=== Section Start ===

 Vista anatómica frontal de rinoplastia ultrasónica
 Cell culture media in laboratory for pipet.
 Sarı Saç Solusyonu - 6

=== Section End ===
=== Section Start ===

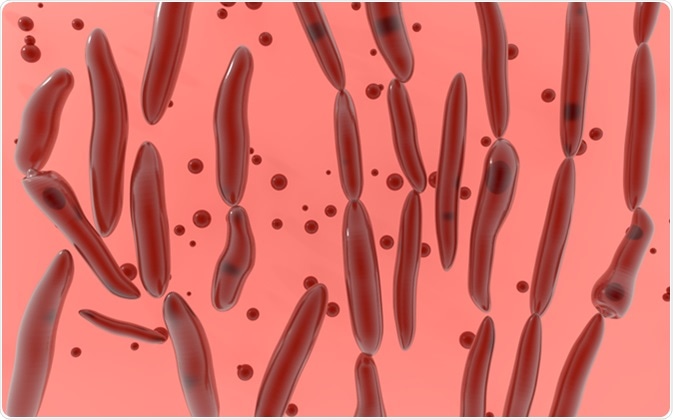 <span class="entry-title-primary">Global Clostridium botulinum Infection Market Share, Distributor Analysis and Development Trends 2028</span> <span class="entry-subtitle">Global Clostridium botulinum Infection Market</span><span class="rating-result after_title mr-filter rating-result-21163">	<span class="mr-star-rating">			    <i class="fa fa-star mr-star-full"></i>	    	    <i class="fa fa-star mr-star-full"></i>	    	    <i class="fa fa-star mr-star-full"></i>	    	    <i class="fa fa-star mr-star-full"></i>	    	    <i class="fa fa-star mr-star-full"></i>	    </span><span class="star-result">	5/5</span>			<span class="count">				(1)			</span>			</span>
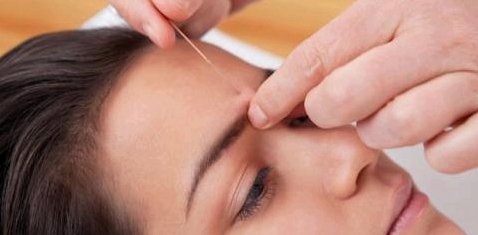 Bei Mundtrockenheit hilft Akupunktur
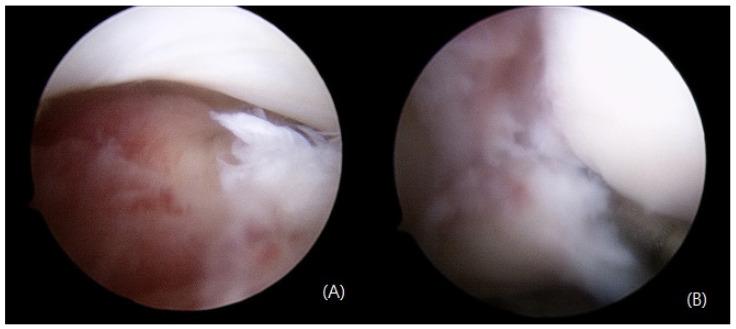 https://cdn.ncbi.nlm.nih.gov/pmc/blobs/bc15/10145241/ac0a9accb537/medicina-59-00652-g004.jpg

=== Section End ===
=== Section Start ===

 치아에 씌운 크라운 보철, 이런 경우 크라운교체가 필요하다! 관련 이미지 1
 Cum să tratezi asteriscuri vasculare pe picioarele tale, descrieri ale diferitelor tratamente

=== Section End ===

What you give back should be only the lines of the records above, starting at the line with "Cell culture media in laboratory for pipet." and ending at the line with "Sarı Saç Solusyonu - 6", restated word for word.

 Cell culture media in laboratory for pipet.
 Sarı Saç Solusyonu - 6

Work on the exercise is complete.